Ainsi, ce 12 janvier 2021, troisième année de sa célébration d’une manière officielle, plusieurs festivités ont été organisées à l’échelle nationale. Que ce soit à Médéa, Tlemcen, Béjaïa, Ouargla ou Chlef, pour ne citer que ces wilayas, les autorités locales ont tenu à marquer l’événement en prévoyant surtout des expositions pour faire connaître la dimension amazighe du pays. Tout ceci, bien entendu, a bénéficié d’une large couverture des médias publics, contrairement à un passé pas trop lointain où Yennayer était relégué à un fait divers qui n’était accessoirement médiatisé – lorsqu’il l’était bien sûr – que pour évoquer le plat autour duquel se réunissent les familles algériennes, sans s’en référer à la dimension identitaire de la question. A noter, par contre, que, situation sanitaire oblige, le climat est différent cette fois-ci, par rapport à l’année passée avec le hirak qui, à travers plusieurs wilayas, et pas seulement celles où la revendication amazighe était portée, avaient tenu à marquer l’événement. Le slogan ««Asseguas amegaz, el hirak rahou labass» (Le hirak va bien) avait retenti un peu partout.
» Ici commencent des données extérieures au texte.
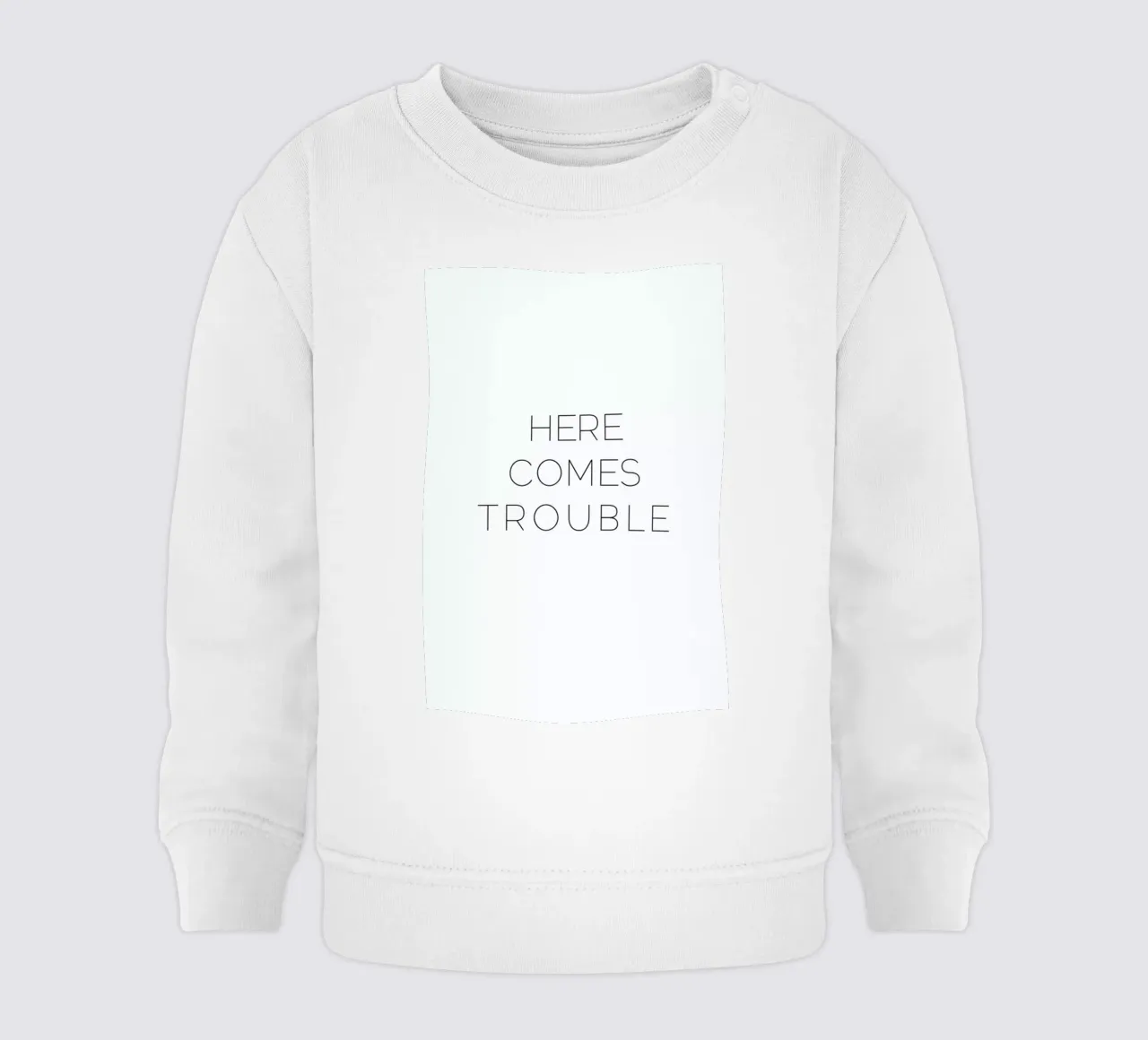 Trouble baby sweatshirt by Leah Flores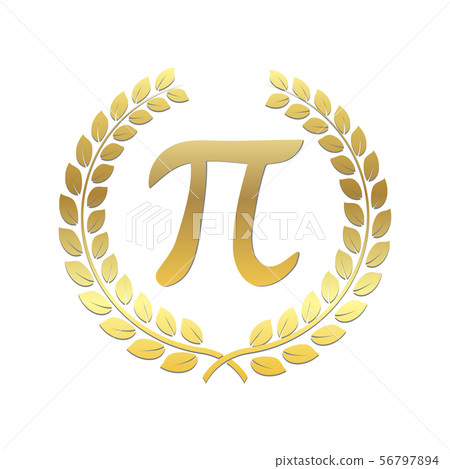 Golden laurel wreath with Pi sign. Mathematical 56797894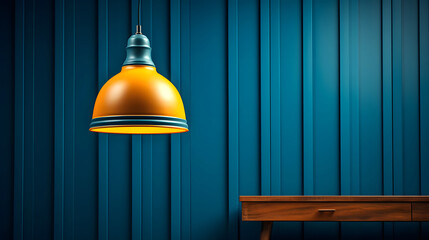 Obraz premium electric lamp on a dark wall background. electric incandescent lamp. home interior and equipment. lighting in the house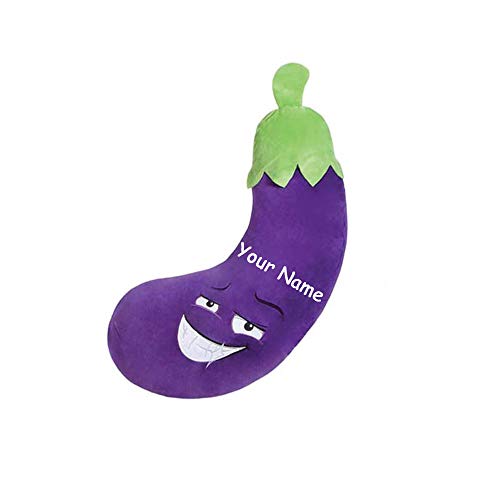 Fiesta Toys Personalized Edgar The Smiling Purple Eggplant Plush Stuffed Toy with Custom Name - 9 Inches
Quoi qu’il en soit, Yennayer a de tous temps été lié à la revendication amazighe. Le consacrer en tant que «journée chômée et payée» a été réclamé par des militants des années durant. Fêté, fautil le rappeler, par les Algériens des différentes régions du pays, même si dans certains cas cela n’avait pas de portée identitaire, c’est finalement le 27 décembre 2017, que l’ancien président de la République, Abdelaziz Bouteflika, a décidé d’en faire une «fête nationale et officielle», satisfaisant ainsi une demande longtemps formulée par les défenseurs de la cause amazighe. La publication du texte au Journal officiel s’est faite en août 2018.
C’est à partir de là que «Yennayer», coïncidant avec le 12 janvier, est devenu une «journée chômée et payée». La revendication amazighe a connu donc plusieurs avancées depuis les années 1990. En 1995, après une année de boycott scolaire en Kabylie, l’enseignement de tamazight dans les écoles a été instauré, en plus de la mise sur pied du Haut commissariat à l’amazighité (HCA). C’était sous la présidence de Liamine Zéroual. Sept année plus tard, en 2002 plus précisément, alors que Bouteflika avait accédé au pouvoir trois ans plus tôt, tamazight est consacré langue nationale. C’était une année après les événements tragiques de 2001, communément appelés le «printemps noir» où 127 jeunes ont été tués. Par la suite, il a fallu attendre 14 ans, soit en 2016, pour que tamazight devienne «langue nationale et officielle», alors que quatre année plus tard, en novembre 2020, ce statut (nationale et officielle) est désormais «intangible» dans la nouvelle Constitution confectionnée par l’actuel président, Abdelmadjid Tebboune. Tous ceci pour dire que l’évolution qu’a connue la question identitaire n’a été possible qu’après un long combat. Au-delà des festivités «officielles», ce sont les avancées enregistrées dans la société qui sont à relever, même si de temps à autre, certaines voix, sans réelle portée au sein de la population, continuent de tenter de remettre en cause ces acquis. Dans tous les cas de figure, Yennayer est désormais fêté à travers tout le pays et d’une manière officielle, consacrant ainsi la dimension amazighe du pays.